I have no clue as to the legality of such arrangements in Mexico. However, I can see instances where the benefits to such arrangements would accrue to both employer and employee.


----------



## Isla Verde (Oct 19, 2011)

dwwhiteside said:


> Just weighing in on this because I have a) a little time and b) an opinion (I know; everyone has one and most of them ...)
> 
> This type of compensation structure might not be strictly for the employer's benefit. Depending on the employee's situation and other factors related to the employment, it could benefit both. Let me explain.
> 
> ...


I know you're trying to be even-handed here, but give me a break. The sole reason that employers hire people on this basis is to save themselves money. Since the OP is not Mexican, maybe they were hoping that he would not be aware of what a lousy employment deal they are offering! Just my opinion, of course!


----------



## TundraGreen (Jul 15, 2010)

I use to work for a Mexican government agency. They had a lot of employees that were paid on contract including me. At one point an edict came down that they had to convert all the contract employees to regular employees with benefits. At that point they let some of the contractors go. And I quit because I liked the flexibility I had as a contractor. As an employee, I would have had to fill out some paperwork every time I wanted to be out of the office anytime between 9 and 6 on a given day, even if I worked extra hours at other times to make up for it. It wasn't worth the hassle for me and I was ready to move on anyway.


----------



## eastwind (Jun 18, 2016)

It does always come down to money, but sometimes employers prefer contract workers because they are cheaper to lay off, not because they are cheaper to retain. In certain (most?) states, companies that lay off a lot of regular full-time employees end up paying higher premiums into the unemployment compensation funds. If a company has a cyclical business that requires staffing up and down regularly with easily-found and easily-replaced workers, it's cheaper in the long run to pay more for those workers per hour worked but be able to drop them more cheaply (and without generating a negative headline about layoffs).

In the US there is also the negative publicity that comes along with employing lots of H1-B visa people. For example, when Microsoft hires a contractor through a contracting company (who applies for the H1-B visa for the imported worker) the headline number of people on H1-B's at Microsoft is reduced. The actual number of people working _at_ Microsoft with H1-B visa's is probably twice the reported number of people working _for_ Microsoft with H1-B visas.

And of course the whole H1-B visa thing is about money too. Facebook is lobbying for open borders so it can even the pay inequality between overseas and domestic workers and pay third-world wages to it's US workers.


----------



## ojosazules11 (Nov 3, 2013)

dwwhiteside said:


> Just weighing in on this because I have a) a little time and b) an opinion (I know; everyone has one and most of them ...)
> 
> This type of compensation structure might not be strictly for the employer's benefit.

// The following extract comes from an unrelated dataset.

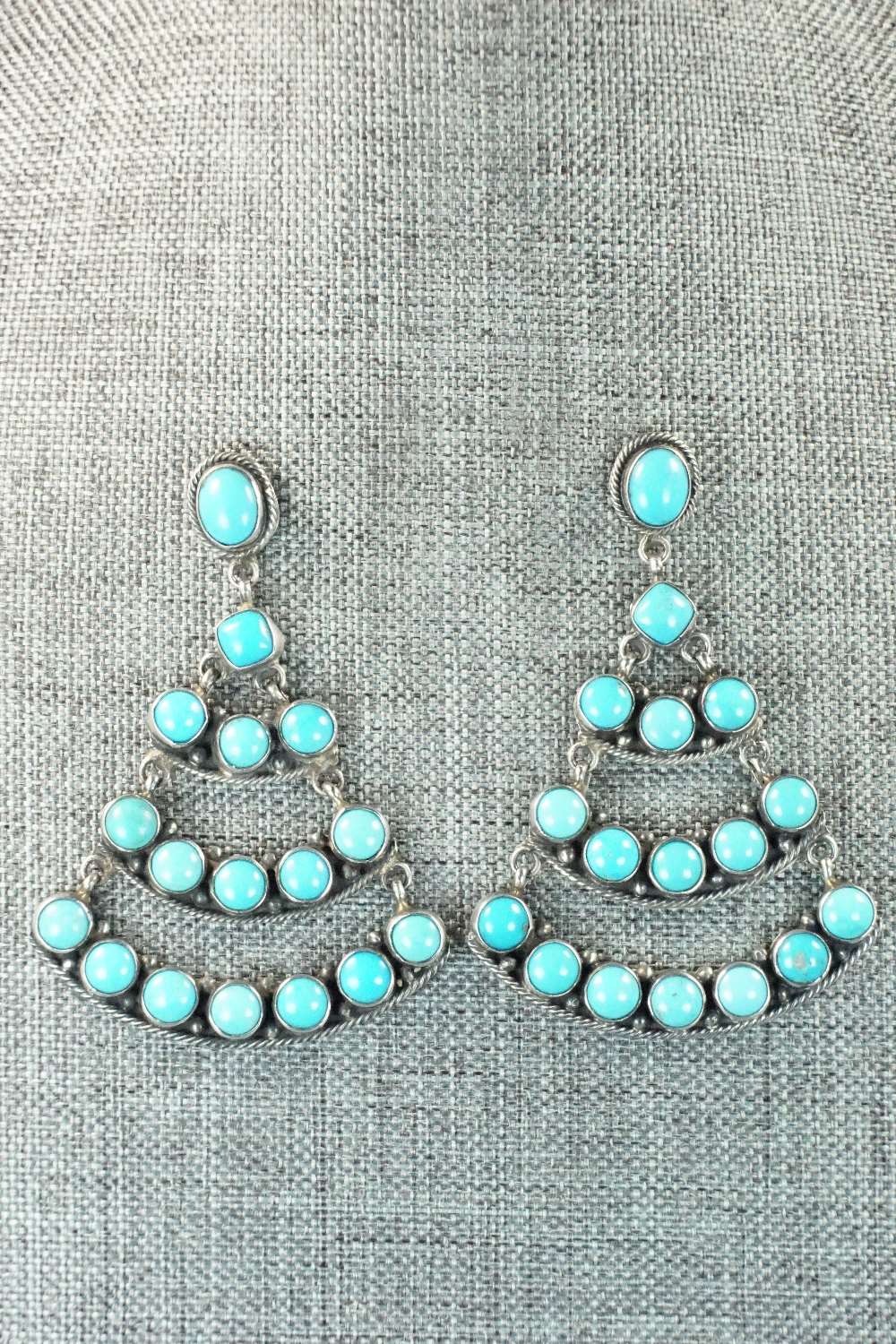 Turquoise & Sterling Silver Earrings - Pansy Johnson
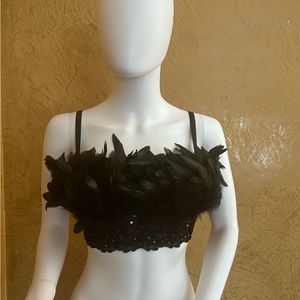 Bebe feather and sequins bustier bra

Depending on the employee's situation and other factors related to the employment, it could benefit both. Let me explain.
> 
> ...


The article I linked to and translated/summarized was clear that they do pay at least minimum wage, which is a legal requirement. However in terms of negative impact on the worker, it affects more than just their pension, it also affects the amount of vacation pay, end of year “aguinaldo” and the amount of termination pay to which they are entitled if let go.


----------



## curlyMarcia (Nov 27, 2017)

Esquema mixto means that the company will report a lower salary to the goverment that your actual salary, and they will be saving on taxes. A bonus will complete your actual monthly payment. It is not illegal in Mexico. But it's risky for the employers, as they will have fewer benefits. And even the company can pay you one month less without breaking the contract (as only a fraction of your salary is reported as long as they pay you the reported you can not demand anything more). Stay away from these type of companies, they will often try to make you work longer journeys in order to give you the promised bonus. The esquema mixto is not ideal, but there is people who work with the esquema mixto getting the payment on time and on the agreed quantity. You should try to get more info about the company befroe accepting the job.


----------